TASK STATEMENT ::
The expected output is the full data, repeated exactly, without pictures.

DATA TO EXAMINE ::
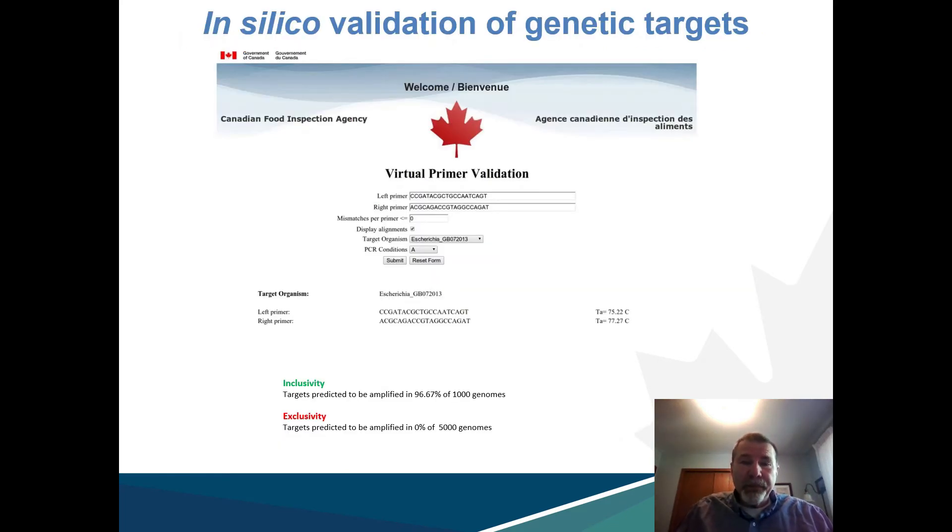An example of how these genomic databases would be used is to supplement wet lab PCR primer validation studies using an in silico PCR system, which can predict the likelihood of producing an amplicon with a given primer set. Another example would be the evaluation of bioinformatics workflows on the basis of a proficiency approach, in which labs demonstrate the ability of their tools to achieve the correct answer by running a benchmark data set.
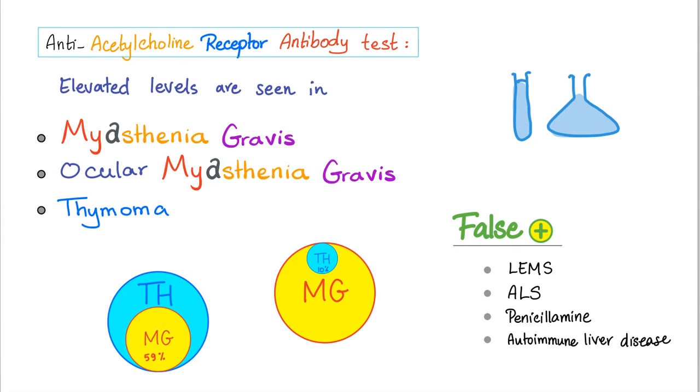If you get the test and it's elevated, it could be one of three things: myasthenia gravis, ocular myasthenia gravis, or thymoma. Notably, 59% of patients with thymoma actually have myasthenia gravis, and 10% of patients with myasthenia have thymoma. But there is no test in history that's 100% accurate — this could be a false positive. False positives can occur in Lambert-Eaton myasthenic syndrome, ALS (amyotrophic lateral sclerosis, or Lou Gehrig's disease), in patients taking penicillamine, or in autoimmune liver disease.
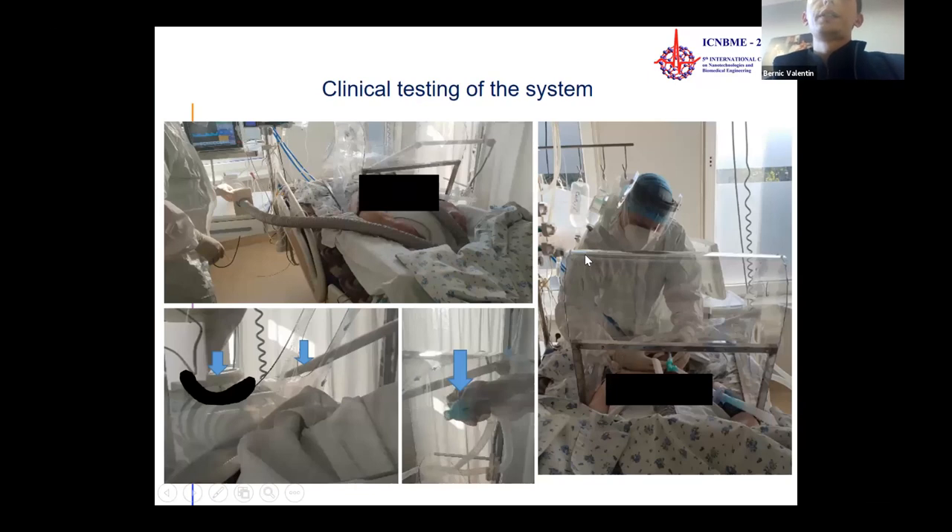Clinical testing of the system on patients was performed, leading to the formation of system improvements and recommendations. Testing was first conducted in the Department of Emergency Medicine, after which improvements were made to the angles, the size of the body, and the different housings.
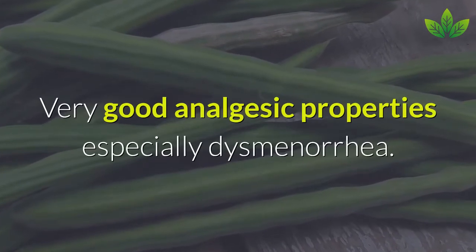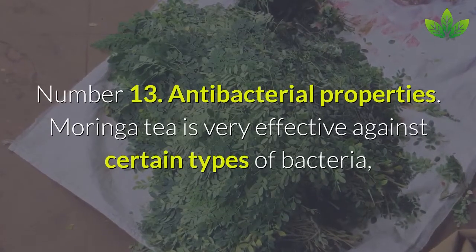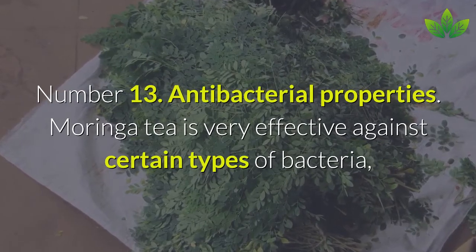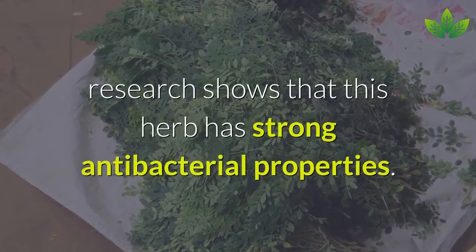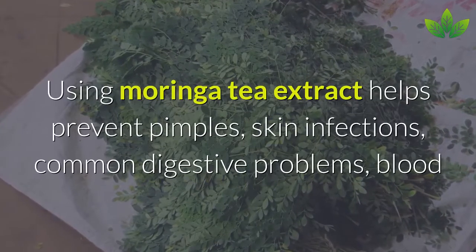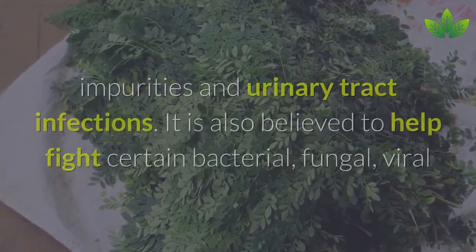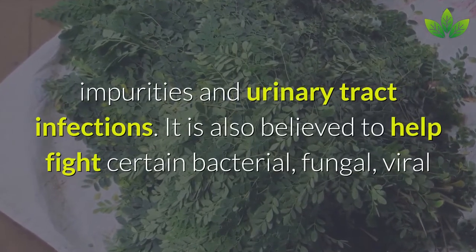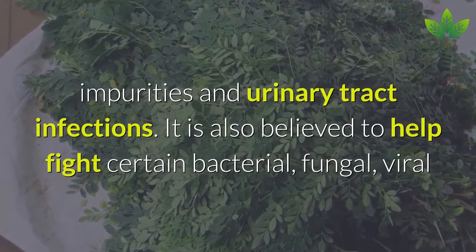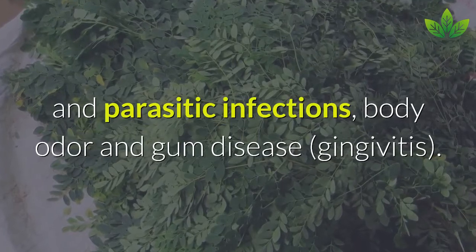Number 13: Antibacterial Properties. Moringa tea has very good analgesic properties, especially for dysmenorrhea. It is very effective against certain types of bacteria, with research showing strong antibacterial properties. Using Moringa tea extract helps prevent pimples, skin infections, common digestive problems, blood impurities, and urinary tract infections. It is also believed to help fight bacterial, fungal, viral, and parasitic infections, body odor, and gum disease such as gingivitis.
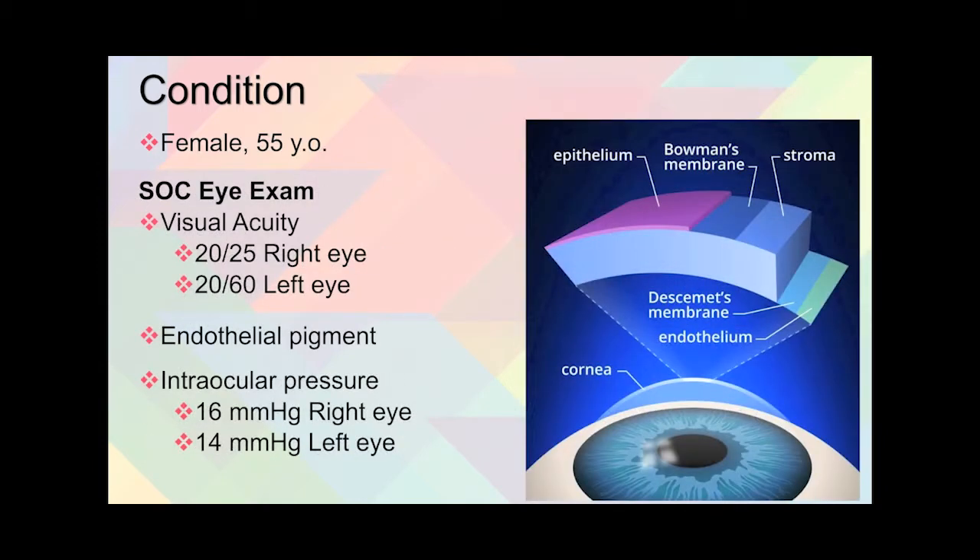At the start-of-care exam, visual acuity was 20/25 in her right eye and 20/60 in her left eye. Endothelial pigment was discovered — this is the bottom layer of cells of the cornea, and in a normal healthy cornea there is no pigment. Intraocular pressure was 16 mmHg in the right eye and 14 in the left.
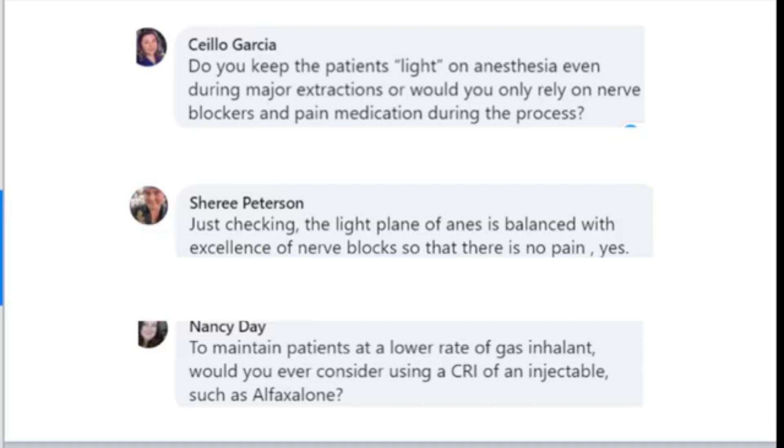On our anesthetic plane: do we keep patients light on anesthesia even during major extractions? Yes, absolutely. We're able to maintain these patients typically at one and a half percent because we've put nerve blocks on board. We just need them asleep enough to tolerate the tube. In a lot of cases, when Dr. Beckman finishes oral surgery on one side and we flip the patient, they paddle a little, and we have to ventilate a couple of times to get them back down. But that's how light we like them — our nerve blocks do a really good job of allowing us to do that.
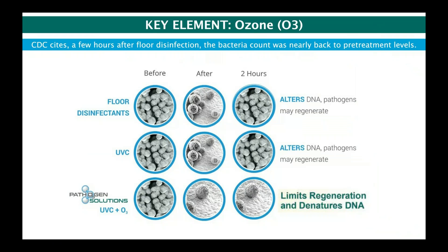The CDC cites that a few hours after floor disinfectant application, bacteria counts were nearly back to pre-treatment levels — you can't clean hospital floors every hour. UVC alone alters the DNA but pathogens may regenerate afterward, returning to pre-treatment levels within two hours. Our difference is that we limit regeneration by denaturing at the DNA level — cracking that outer shell and getting UVC light in quickly, limiting regeneration because fewer units remain.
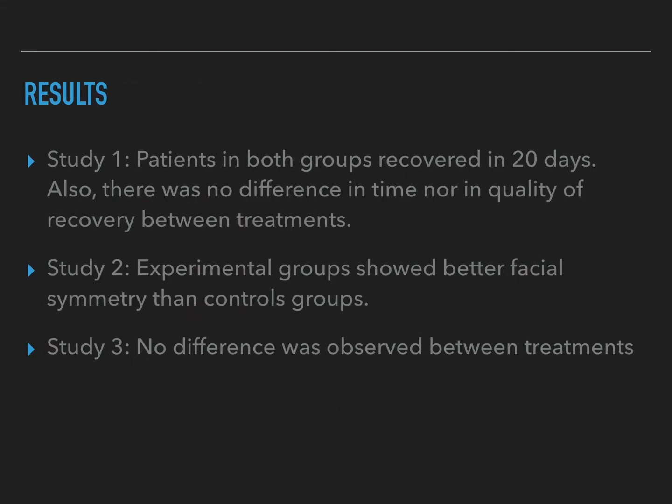For the results of study one, patients in both groups completely recovered within 20 days. Recovery time for this diagnosis can be very quick. Patients are generally able to regain functional motion and achieve facial symmetry within a certain amount of time. This is not a long-lasting pathology, though in some individuals it can be.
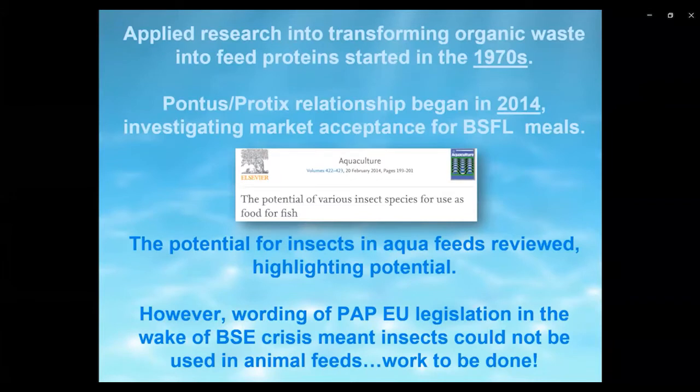The applied research into transforming organic waste into feed proteins through the use of insects started in the 1970s. Little progress was made in the following decades, mainly due to legislative barriers and lack of knowledge, understanding, and market acceptance. It was around the early 2010s that momentum started to build for insects in animal feeds.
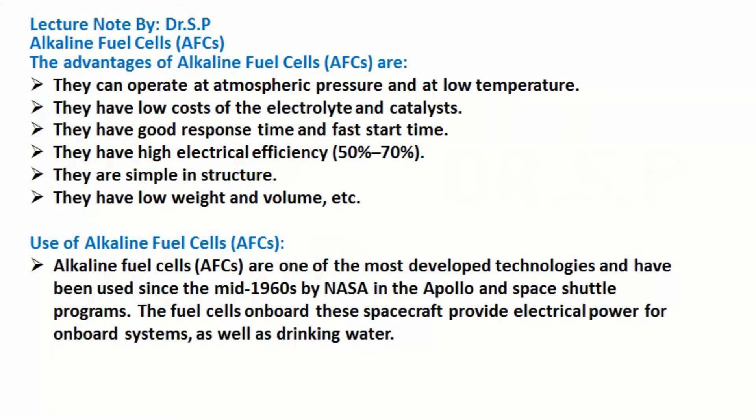Alkaline fuel cells are one of the most developed technologies and have been used since the mid-1960s by NASA in the Apollo and Space Shuttle programs. The fuel cells onboard these spacecraft provide electrical power for onboard systems, as well as drinking water.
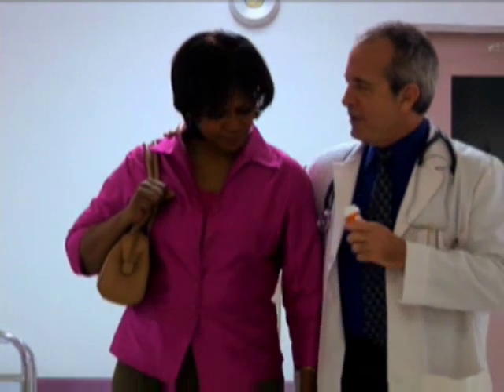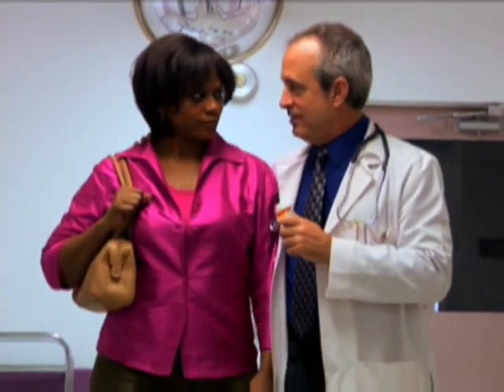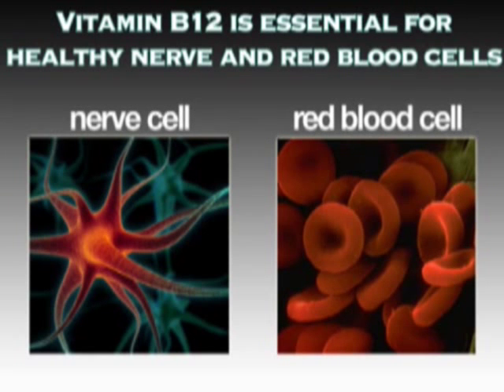Talk to your doctor about all medications and substances that should not be combined with this vitamin. Vitamin B12 is essential for healthy nerve cells and red blood cells. Because the vitamin is water-soluble and released via urine, toxic overload is rare. However, you should always talk to your doctor before beginning a new supplement or diet program.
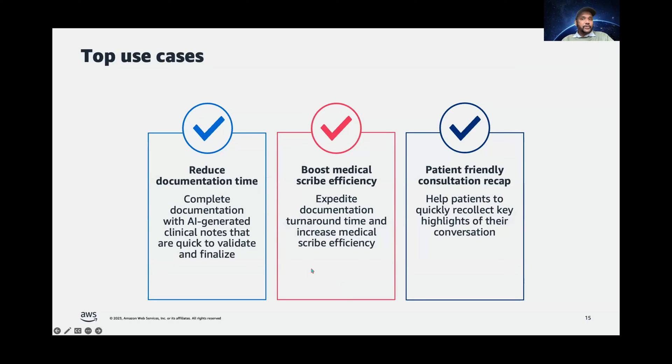Some of the top use cases we see in this industry: this enables clinicians to quickly complete their documentation with auto-generated clinical notes that are easy to validate and finalize. If you're in the scribing business, you can use the same artificial intelligence to drive efficiency in your clinical documentation workflow — for example, enabling the same set of medical scribes to support more doctors with your given scribe workforce. You can also create an experience for patients that enables them to quickly recollect the key highlights of the conversation in your application.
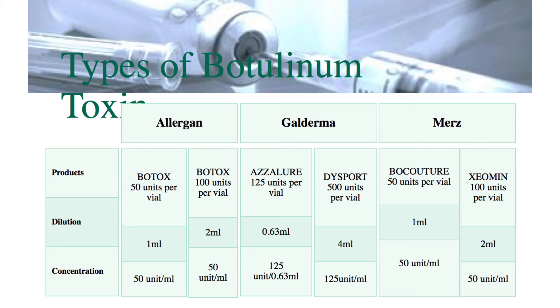The third manufacturer is Mertz. Mertz have two products: the first is Bocouture, the second is Xeomin. Again, many patients who think they have or say they have Botox treatment are in fact being treated with one of these other types of toxin.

SOLUTION ::
An example of how these genomic databases would be used is to supplement wet lab PCR primer validation studies using an in silico PCR system, which can predict the likelihood of producing an amplicon with a given primer set. Another example would be the evaluation of bioinformatics workflows on the basis of a proficiency approach, in which labs demonstrate the ability of their tools to achieve the correct answer by running a benchmark data set.
If you get the test and it's elevated, it could be one of three things: myasthenia gravis, ocular myasthenia gravis, or thymoma. Notably, 59% of patients with thymoma actually have myasthenia gravis, and 10% of patients with myasthenia have thymoma. But there is no test in history that's 100% accurate — this could be a false positive. False positives can occur in Lambert-Eaton myasthenic syndrome, ALS (amyotrophic lateral sclerosis, or Lou Gehrig's disease), in patients taking penicillamine, or in autoimmune liver disease.
Clinical testing of the system on patients was performed, leading to the formation of system improvements and recommendations. Testing was first conducted in the Department of Emergency Medicine, after which improvements were made to the angles, the size of the body, and the different housings.
Number 13: Antibacterial Properties. Moringa tea has very good analgesic properties, especially for dysmenorrhea. It is very effective against certain types of bacteria, with research showing strong antibacterial properties. Using Moringa tea extract helps prevent pimples, skin infections, common digestive problems, blood impurities, and urinary tract infections. It is also believed to help fight bacterial, fungal, viral, and parasitic infections, body odor, and gum disease such as gingivitis.
At the start-of-care exam, visual acuity was 20/25 in her right eye and 20/60 in her left eye. Endothelial pigment was discovered — this is the bottom layer of cells of the cornea, and in a normal healthy cornea there is no pigment. Intraocular pressure was 16 mmHg in the right eye and 14 in the left.
On our anesthetic plane: do we keep patients light on anesthesia even during major extractions? Yes, absolutely. We're able to maintain these patients typically at one and a half percent because we've put nerve blocks on board. We just need them asleep enough to tolerate the tube. In a lot of cases, when Dr. Beckman finishes oral surgery on one side and we flip the patient, they paddle a little, and we have to ventilate a couple of times to get them back down. But that's how light we like them — our nerve blocks do a really good job of allowing us to do that.
The CDC cites that a few hours after floor disinfectant application, bacteria counts were nearly back to pre-treatment levels — you can't clean hospital floors every hour. UVC alone alters the DNA but pathogens may regenerate afterward, returning to pre-treatment levels within two hours. Our difference is that we limit regeneration by denaturing at the DNA level — cracking that outer shell and getting UVC light in quickly, limiting regeneration because fewer units remain.
For the results of study one, patients in both groups completely recovered within 20 days. Recovery time for this diagnosis can be very quick. Patients are generally able to regain functional motion and achieve facial symmetry within a certain amount of time. This is not a long-lasting pathology, though in some individuals it can be.
The applied research into transforming organic waste into feed proteins through the use of insects started in the 1970s. Little progress was made in the following decades, mainly due to legislative barriers and lack of knowledge, understanding, and market acceptance. It was around the early 2010s that momentum started to build for insects in animal feeds.
Alkaline fuel cells are one of the most developed technologies and have been used since the mid-1960s by NASA in the Apollo and Space Shuttle programs. The fuel cells onboard these spacecraft provide electrical power for onboard systems, as well as drinking water.
Talk to your doctor about all medications and substances that should not be combined with this vitamin. Vitamin B12 is essential for healthy nerve cells and red blood cells. Because the vitamin is water-soluble and released via urine, toxic overload is rare. However, you should always talk to your doctor before beginning a new supplement or diet program.
Some of the top use cases we see in this industry: this enables clinicians to quickly complete their documentation with auto-generated clinical notes that are easy to validate and finalize. If you're in the scribing business, you can use the same artificial intelligence to drive efficiency in your clinical documentation workflow — for example, enabling the same set of medical scribes to support more doctors with your given scribe workforce. You can also create an experience for patients that enables them to quickly recollect the key highlights of the conversation in your application.
The third manufacturer is Mertz. Mertz have two products: the first is Bocouture, the second is Xeomin. Again, many patients who think they have or say they have Botox treatment are in fact being treated with one of these other types of toxin.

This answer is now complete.